====== Records provided ======

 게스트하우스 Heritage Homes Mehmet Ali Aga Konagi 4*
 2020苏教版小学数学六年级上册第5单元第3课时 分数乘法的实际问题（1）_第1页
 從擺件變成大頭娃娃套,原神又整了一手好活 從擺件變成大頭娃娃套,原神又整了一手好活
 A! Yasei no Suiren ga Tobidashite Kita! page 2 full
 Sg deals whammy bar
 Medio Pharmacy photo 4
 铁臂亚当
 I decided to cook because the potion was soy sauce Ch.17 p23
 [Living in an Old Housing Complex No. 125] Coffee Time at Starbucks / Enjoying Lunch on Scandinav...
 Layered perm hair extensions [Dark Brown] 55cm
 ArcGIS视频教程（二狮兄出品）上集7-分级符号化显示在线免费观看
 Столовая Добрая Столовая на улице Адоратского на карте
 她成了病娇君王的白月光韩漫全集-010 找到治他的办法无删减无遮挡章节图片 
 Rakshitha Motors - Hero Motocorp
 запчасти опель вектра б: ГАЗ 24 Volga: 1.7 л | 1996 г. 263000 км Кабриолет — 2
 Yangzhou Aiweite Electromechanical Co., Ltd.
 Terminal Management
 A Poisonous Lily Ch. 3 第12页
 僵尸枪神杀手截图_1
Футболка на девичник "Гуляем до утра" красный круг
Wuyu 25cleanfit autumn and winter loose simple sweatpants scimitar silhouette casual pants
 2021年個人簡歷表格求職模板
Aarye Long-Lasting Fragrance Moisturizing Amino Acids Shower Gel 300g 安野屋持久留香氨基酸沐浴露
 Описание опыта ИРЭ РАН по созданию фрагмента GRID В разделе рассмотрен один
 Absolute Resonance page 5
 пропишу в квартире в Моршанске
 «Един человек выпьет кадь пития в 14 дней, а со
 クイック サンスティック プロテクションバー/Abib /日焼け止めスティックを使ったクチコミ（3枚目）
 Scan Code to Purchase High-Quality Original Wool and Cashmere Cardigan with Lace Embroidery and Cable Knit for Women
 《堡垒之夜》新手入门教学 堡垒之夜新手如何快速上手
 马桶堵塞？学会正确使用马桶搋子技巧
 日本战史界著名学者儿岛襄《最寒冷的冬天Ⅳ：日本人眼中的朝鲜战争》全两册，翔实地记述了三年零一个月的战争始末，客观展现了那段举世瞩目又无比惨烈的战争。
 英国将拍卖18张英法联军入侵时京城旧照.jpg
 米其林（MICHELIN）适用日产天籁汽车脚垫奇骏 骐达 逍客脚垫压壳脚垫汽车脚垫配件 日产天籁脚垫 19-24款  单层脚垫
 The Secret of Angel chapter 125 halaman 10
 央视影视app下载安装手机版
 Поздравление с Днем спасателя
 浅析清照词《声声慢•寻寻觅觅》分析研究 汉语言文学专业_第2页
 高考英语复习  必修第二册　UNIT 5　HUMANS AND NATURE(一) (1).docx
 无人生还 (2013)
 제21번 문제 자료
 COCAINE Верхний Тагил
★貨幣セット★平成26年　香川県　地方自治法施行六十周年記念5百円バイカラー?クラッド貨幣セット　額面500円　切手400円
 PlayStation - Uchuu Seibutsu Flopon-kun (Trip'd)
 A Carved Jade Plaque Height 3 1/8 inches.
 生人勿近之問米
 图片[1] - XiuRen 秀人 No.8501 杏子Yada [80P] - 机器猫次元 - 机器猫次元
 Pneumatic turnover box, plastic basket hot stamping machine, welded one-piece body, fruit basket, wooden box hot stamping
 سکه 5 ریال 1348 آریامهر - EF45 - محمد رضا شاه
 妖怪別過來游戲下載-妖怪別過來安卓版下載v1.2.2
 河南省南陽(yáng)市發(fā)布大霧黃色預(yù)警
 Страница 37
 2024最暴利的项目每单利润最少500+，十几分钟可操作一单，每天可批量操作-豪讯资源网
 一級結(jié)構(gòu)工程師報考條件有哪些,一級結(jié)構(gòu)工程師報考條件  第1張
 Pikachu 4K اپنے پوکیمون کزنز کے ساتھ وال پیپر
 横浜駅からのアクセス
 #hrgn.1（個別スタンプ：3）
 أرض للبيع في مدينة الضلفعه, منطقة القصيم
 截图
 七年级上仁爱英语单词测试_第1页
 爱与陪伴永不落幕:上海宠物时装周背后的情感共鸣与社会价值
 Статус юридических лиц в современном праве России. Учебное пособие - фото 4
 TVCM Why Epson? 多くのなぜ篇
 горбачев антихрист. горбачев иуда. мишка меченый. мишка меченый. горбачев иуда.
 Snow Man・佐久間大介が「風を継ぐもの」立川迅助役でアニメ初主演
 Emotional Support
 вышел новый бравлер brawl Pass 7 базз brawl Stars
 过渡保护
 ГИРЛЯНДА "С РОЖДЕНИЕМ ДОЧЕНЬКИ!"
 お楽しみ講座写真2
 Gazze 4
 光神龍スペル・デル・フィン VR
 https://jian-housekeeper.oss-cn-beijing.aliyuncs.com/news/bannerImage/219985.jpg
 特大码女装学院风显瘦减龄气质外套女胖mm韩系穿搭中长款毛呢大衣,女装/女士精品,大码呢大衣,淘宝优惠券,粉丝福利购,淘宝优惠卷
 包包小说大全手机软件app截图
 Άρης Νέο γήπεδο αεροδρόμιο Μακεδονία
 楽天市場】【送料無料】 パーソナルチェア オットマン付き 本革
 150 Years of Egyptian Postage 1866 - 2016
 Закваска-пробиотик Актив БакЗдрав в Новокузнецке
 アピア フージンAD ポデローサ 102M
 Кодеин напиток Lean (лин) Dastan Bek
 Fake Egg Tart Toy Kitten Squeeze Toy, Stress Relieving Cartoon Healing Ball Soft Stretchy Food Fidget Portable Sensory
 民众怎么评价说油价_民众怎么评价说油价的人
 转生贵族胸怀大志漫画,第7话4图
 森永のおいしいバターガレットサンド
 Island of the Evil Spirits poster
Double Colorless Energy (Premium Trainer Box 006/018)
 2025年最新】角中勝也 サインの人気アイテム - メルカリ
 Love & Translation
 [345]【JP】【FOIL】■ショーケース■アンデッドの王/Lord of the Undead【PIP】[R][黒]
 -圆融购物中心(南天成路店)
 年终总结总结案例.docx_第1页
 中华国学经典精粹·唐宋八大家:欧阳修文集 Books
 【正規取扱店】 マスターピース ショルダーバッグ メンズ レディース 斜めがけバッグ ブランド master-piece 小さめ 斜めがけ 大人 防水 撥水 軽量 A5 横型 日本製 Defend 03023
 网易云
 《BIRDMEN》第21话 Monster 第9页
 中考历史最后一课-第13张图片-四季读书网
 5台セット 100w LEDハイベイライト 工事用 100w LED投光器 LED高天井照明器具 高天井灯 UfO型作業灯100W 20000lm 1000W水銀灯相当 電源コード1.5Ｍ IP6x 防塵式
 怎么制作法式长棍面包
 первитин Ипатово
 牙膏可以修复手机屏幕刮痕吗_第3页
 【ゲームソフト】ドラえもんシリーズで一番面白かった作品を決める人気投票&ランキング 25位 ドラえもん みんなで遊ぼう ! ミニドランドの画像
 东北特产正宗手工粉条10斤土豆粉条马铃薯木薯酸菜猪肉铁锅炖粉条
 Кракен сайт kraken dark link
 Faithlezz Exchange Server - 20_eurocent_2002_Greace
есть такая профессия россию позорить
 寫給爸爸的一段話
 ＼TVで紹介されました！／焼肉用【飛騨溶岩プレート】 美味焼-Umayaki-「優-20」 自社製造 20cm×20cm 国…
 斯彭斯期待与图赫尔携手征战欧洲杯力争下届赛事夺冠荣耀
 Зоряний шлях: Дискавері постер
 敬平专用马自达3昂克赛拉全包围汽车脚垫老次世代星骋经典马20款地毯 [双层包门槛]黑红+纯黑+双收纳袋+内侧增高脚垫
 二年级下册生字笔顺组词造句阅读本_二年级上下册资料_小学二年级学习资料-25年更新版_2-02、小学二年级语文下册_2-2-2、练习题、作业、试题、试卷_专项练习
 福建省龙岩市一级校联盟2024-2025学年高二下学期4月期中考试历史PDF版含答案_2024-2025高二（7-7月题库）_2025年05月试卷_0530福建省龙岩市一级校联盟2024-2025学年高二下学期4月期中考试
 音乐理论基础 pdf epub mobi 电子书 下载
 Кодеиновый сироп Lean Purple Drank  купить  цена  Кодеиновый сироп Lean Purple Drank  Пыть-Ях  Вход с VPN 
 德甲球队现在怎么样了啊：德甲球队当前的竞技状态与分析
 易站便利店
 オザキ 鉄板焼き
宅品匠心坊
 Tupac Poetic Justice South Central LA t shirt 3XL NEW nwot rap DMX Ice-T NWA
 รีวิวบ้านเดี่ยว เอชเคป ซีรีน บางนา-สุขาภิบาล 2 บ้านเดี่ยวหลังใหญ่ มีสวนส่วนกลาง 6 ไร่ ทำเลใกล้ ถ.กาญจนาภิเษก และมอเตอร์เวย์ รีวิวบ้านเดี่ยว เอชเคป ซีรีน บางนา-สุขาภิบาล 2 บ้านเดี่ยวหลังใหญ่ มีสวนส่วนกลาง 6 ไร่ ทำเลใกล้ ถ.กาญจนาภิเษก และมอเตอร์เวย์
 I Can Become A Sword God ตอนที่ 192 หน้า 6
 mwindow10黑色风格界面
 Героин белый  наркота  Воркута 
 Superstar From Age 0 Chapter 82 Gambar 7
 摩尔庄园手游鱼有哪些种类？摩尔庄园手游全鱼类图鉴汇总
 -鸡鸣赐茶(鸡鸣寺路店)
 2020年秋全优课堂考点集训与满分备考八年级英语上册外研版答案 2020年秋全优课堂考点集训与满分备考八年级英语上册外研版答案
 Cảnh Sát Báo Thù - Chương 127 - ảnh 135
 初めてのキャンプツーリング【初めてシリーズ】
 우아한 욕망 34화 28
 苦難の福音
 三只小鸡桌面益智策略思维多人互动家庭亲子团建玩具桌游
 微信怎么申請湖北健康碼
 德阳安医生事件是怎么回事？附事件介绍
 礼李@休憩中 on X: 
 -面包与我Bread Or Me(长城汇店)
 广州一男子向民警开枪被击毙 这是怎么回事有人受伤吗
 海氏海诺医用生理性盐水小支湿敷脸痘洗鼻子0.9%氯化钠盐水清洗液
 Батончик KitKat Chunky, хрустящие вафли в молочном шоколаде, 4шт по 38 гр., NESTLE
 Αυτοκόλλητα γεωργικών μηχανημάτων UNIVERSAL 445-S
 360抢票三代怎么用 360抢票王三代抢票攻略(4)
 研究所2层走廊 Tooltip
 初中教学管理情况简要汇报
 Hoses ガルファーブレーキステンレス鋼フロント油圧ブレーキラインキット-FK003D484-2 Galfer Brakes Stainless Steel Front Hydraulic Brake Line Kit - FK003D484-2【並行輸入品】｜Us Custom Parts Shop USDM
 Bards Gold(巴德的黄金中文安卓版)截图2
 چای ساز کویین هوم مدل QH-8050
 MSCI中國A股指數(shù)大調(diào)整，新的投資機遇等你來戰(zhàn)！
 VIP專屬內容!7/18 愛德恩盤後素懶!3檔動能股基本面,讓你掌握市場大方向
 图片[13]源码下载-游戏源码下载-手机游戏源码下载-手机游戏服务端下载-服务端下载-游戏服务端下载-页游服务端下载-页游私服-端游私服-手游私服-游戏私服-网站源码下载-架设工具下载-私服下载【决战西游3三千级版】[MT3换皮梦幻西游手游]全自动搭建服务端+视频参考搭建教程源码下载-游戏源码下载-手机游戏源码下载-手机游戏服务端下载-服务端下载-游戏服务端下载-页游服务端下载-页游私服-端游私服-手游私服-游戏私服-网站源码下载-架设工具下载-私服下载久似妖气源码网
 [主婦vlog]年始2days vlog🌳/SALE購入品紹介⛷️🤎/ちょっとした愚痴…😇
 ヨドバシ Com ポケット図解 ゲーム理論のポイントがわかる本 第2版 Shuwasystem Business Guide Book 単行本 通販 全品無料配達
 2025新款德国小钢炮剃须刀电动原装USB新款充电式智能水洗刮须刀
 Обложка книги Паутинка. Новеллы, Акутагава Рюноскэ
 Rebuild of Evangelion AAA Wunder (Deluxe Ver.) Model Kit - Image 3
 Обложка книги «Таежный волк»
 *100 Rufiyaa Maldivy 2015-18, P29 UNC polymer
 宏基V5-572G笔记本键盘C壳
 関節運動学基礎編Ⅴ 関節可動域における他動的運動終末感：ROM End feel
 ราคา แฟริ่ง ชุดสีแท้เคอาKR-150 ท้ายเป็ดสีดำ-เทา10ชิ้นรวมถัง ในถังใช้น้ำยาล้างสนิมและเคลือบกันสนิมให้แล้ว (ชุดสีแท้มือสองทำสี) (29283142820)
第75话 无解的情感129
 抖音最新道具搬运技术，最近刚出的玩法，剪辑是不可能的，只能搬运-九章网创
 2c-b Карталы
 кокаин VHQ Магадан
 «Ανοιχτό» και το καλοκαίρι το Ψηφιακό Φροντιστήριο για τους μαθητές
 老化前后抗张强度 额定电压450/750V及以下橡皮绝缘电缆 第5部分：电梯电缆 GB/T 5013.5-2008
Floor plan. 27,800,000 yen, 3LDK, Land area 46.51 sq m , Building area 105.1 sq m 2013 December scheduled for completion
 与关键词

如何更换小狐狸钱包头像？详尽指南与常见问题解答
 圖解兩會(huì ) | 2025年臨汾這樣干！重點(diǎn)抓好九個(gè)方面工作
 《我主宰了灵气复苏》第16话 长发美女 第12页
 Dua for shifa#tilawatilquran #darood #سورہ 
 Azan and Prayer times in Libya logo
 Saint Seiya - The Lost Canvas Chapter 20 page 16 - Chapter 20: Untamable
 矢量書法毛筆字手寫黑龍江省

======

• [Work task] Filter the records down to the lines containing the word "piece", and copy those.

• [Output for this task]
 Pneumatic turnover box, plastic basket hot stamping machine, welded one-piece body, fruit basket, wooden box hot stamping
 【正規取扱店】 マスターピース ショルダーバッグ メンズ レディース 斜めがけバッグ ブランド master-piece 小さめ 斜めがけ 大人 防水 撥水 軽量 A5 横型 日本製 Defend 03023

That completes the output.